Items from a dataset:

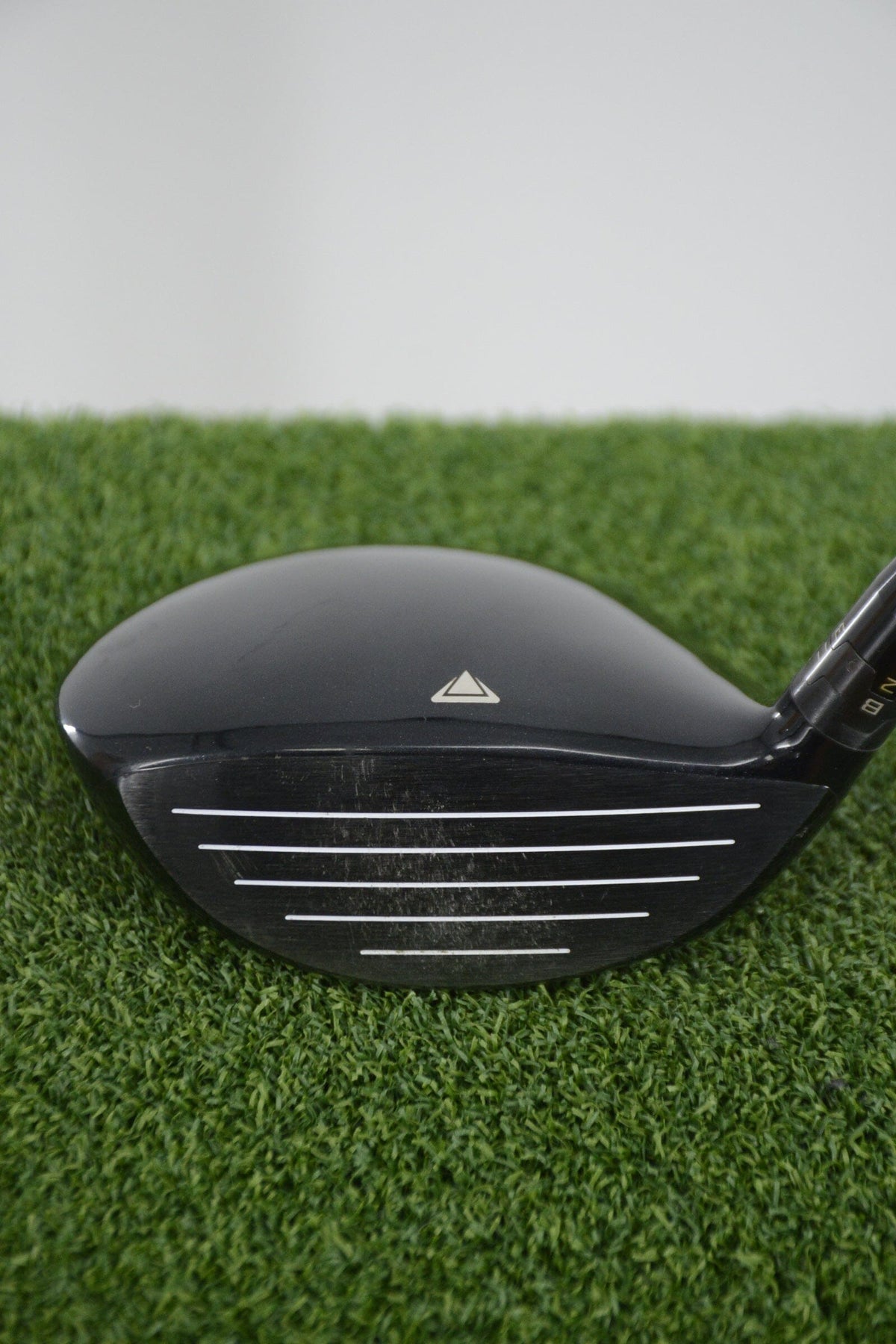 Titleist 915F 3 Wood S Flex 42.5" Golf Fairway Woods Titleist 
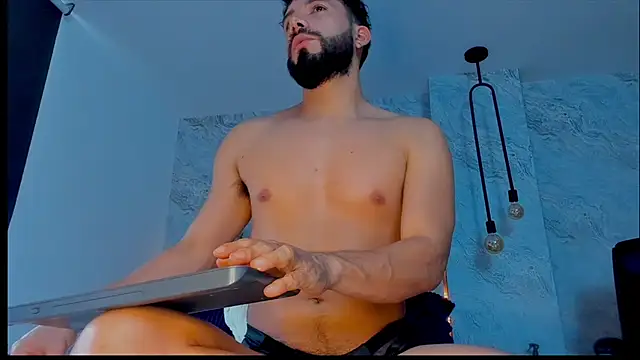 bruno woods online show from 21, 12, 2024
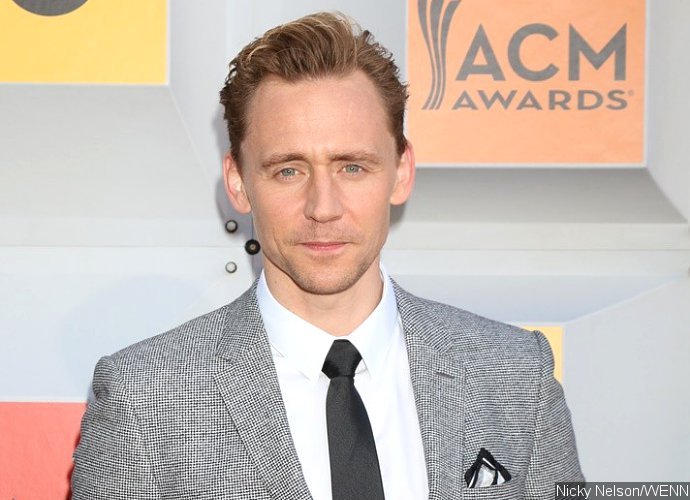 Tom Hiddleston Responds to Bond Rumors, Teases Loki and Hulk's Reunion in 'Thor: Ragnarok'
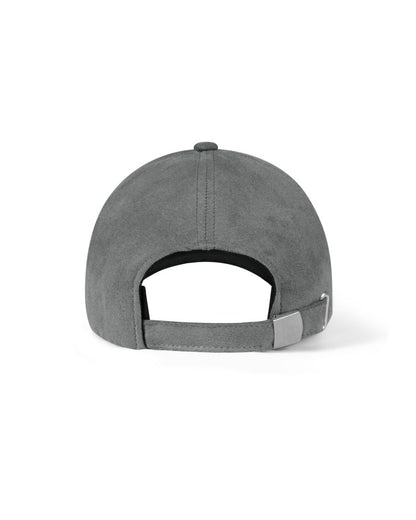 Soul Suede Cap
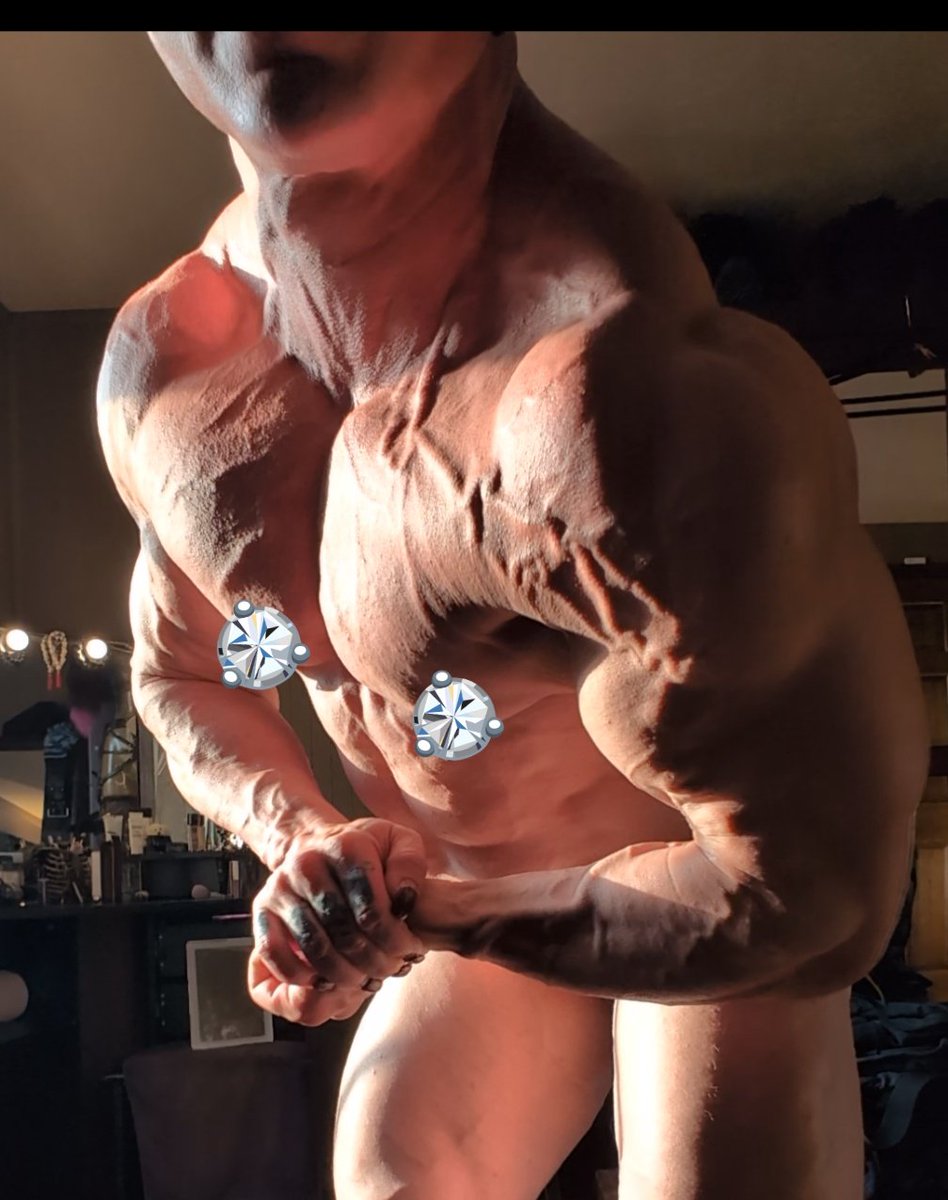MuscleGeisha tweet media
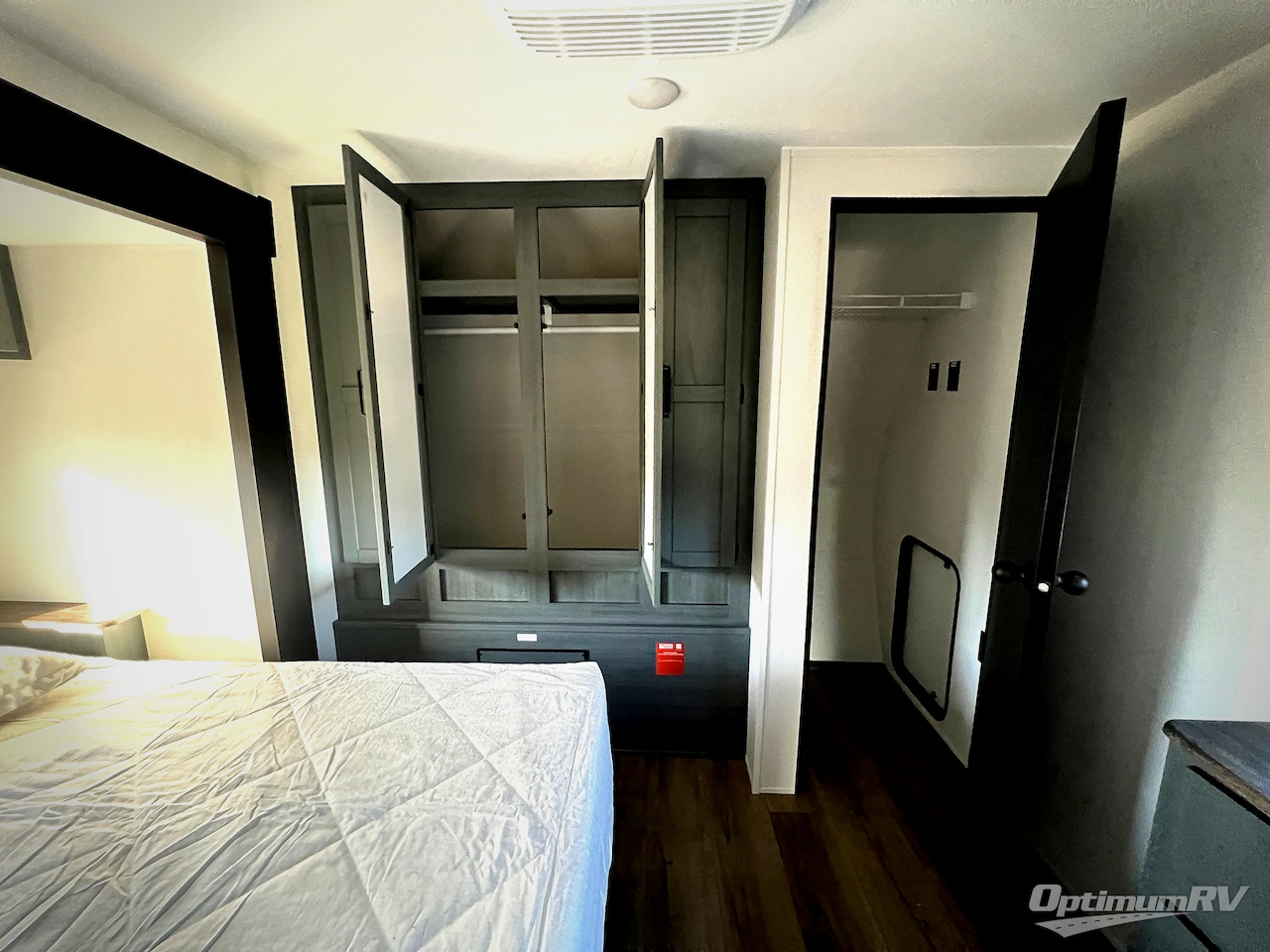 2026 Forest River Puma 31RLQS Photo 14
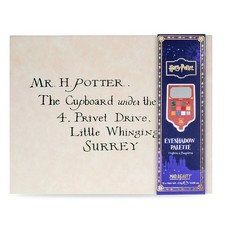 MAD BEAUTY HARRY POTTER PALETTE DI OMBRETTI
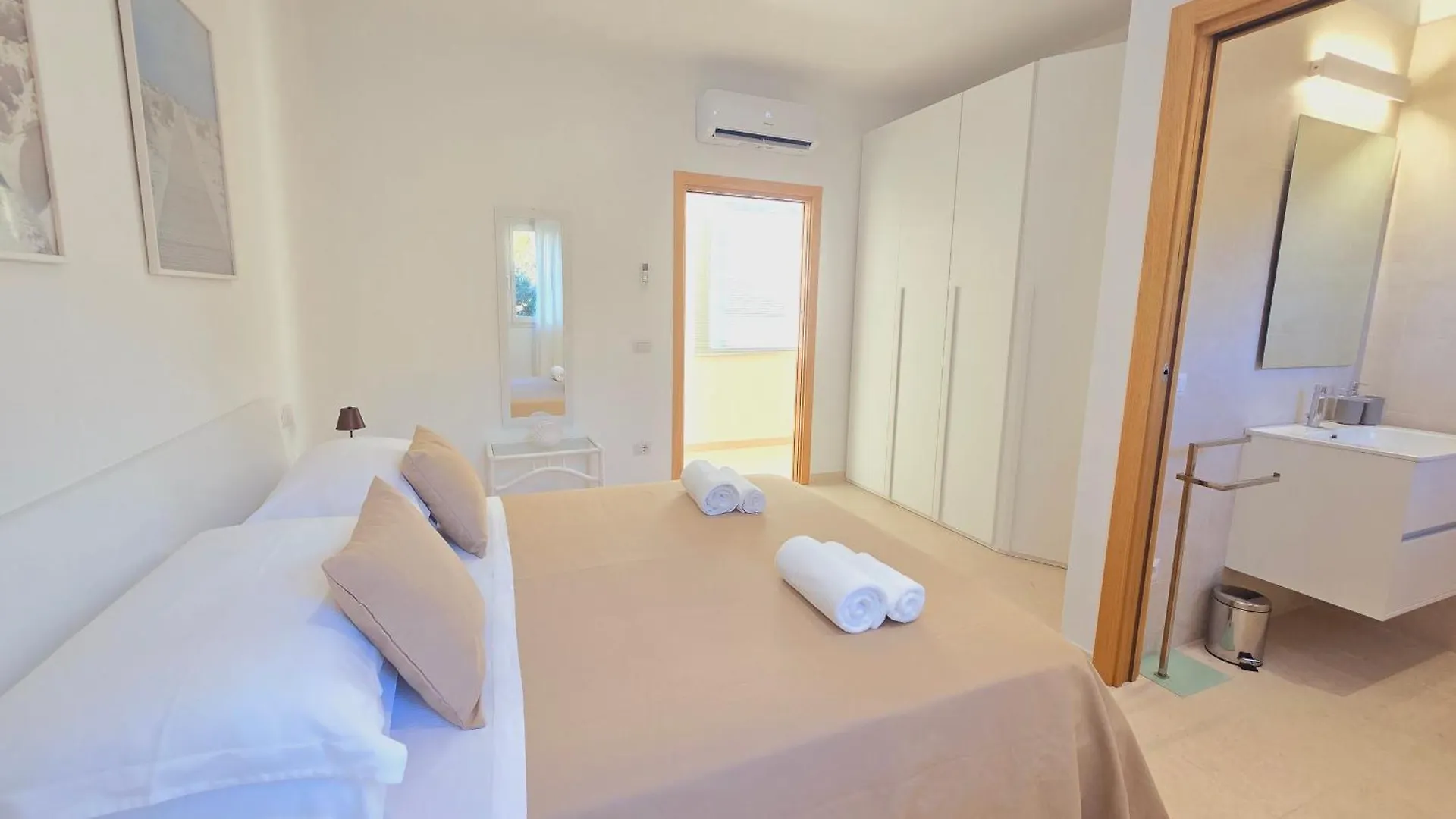 Costa Smeralda E Natura Abbiadori Holiday home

» BRIEF: Every record, from top to bottom, gets written out exactly; no picture goes into the copy.

» FINISHED TASK:
 Titleist 915F 3 Wood S Flex 42.5" Golf Fairway Woods Titleist 
 bruno woods online show from 21, 12, 2024
 Tom Hiddleston Responds to Bond Rumors, Teases Loki and Hulk's Reunion in 'Thor: Ragnarok'
 Soul Suede Cap
MuscleGeisha tweet media
 2026 Forest River Puma 31RLQS Photo 14
 MAD BEAUTY HARRY POTTER PALETTE DI OMBRETTI
 Costa Smeralda E Natura Abbiadori Holiday home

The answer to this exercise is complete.